In Afghanistan in 2002, World Bank and UN officials insisted that the government should not invest in higher education and moreover should invest very little in secondary and vocational education despite the fact that Afghanistan had seen its professional class decimated by war, disease, and flight. Citing the focus of the millennium development goals (MDGs) on primary education, they considered higher education and vocational training a luxury that Afghanistan could ill afford. But without trained doctors, teachers, engineers, and managers, it was not clear at the time whether Afghanistan could get back on its feet. Five years later, the fact that the country’s operating budget is overshadowed by the cost for technical assistance (TA) to make up for the “poor capacity” of the government testifies to the debilitating expense of failures to invest in the training of professional staff, future leaders and administrators.
In many parts of the world, the neglect of higher education has to led to poor-quality administration and spiraling TA bills.
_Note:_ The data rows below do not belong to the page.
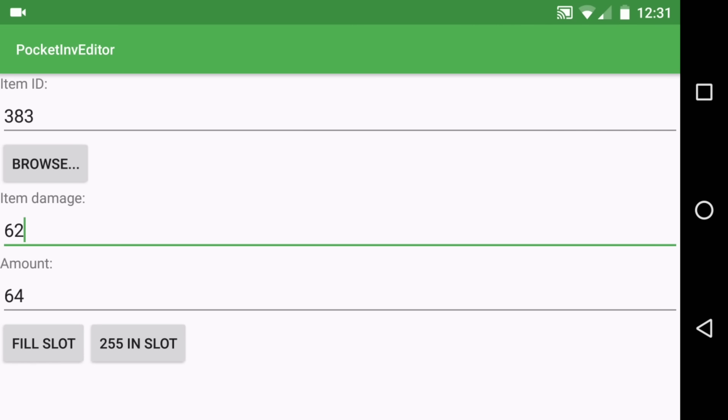Then click 'Fill Slot.' Now if you go back into the game, it will be in your inventory.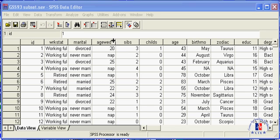We can do this using the age-wed variable, which captures the age when Americans first get married.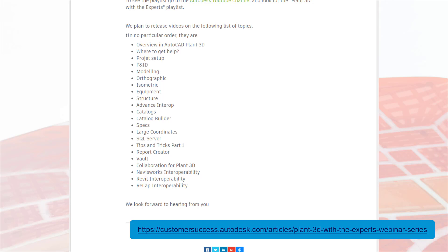The program is going to start with videos at a fairly high level as an overview of Plant 3D and the features available. In the first one, we will give you an overview of Plant 3D which touches very briefly on each of the various sections and main features. Following that, we will look at each of the other areas of the product in slightly more detail, and as we go through the series you will get more and more focused on the specific areas that we find may be helpful.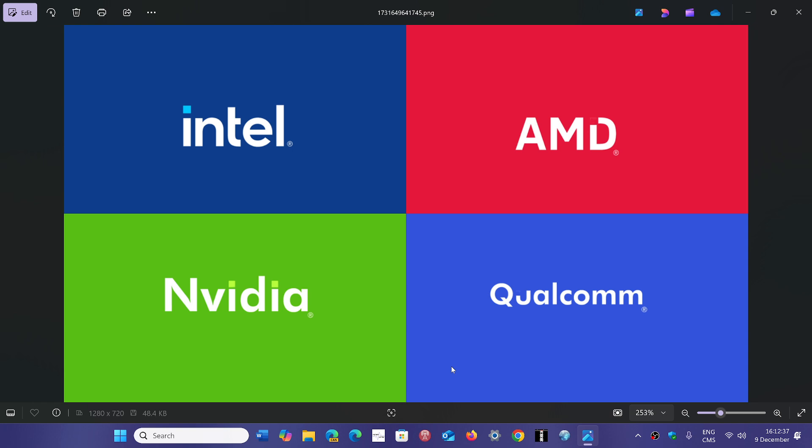Where maybe we'll see that the dent that is not really showing much about Qualcomm and ARM chips in general and Windows might actually now start to get a good bump and a good speed of adoption.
The price for TA amounts to roughly $ 20 billion per annum, with consultants often paid around $ 200, 000 a year. Nor is this technical assistance provided by Westers donors of high quality in many cases.
- "Fixing Failed States", Ashraf Ghani and Clare Lockhart, p. 142
For Discussion: Should we try to rate the output quality of consultants? Who should rate it and how should we do it?
A Challenge to Chris Blattman: Create a consulting agency that delivers quality consulting services in the development field to low-income countries for FREE.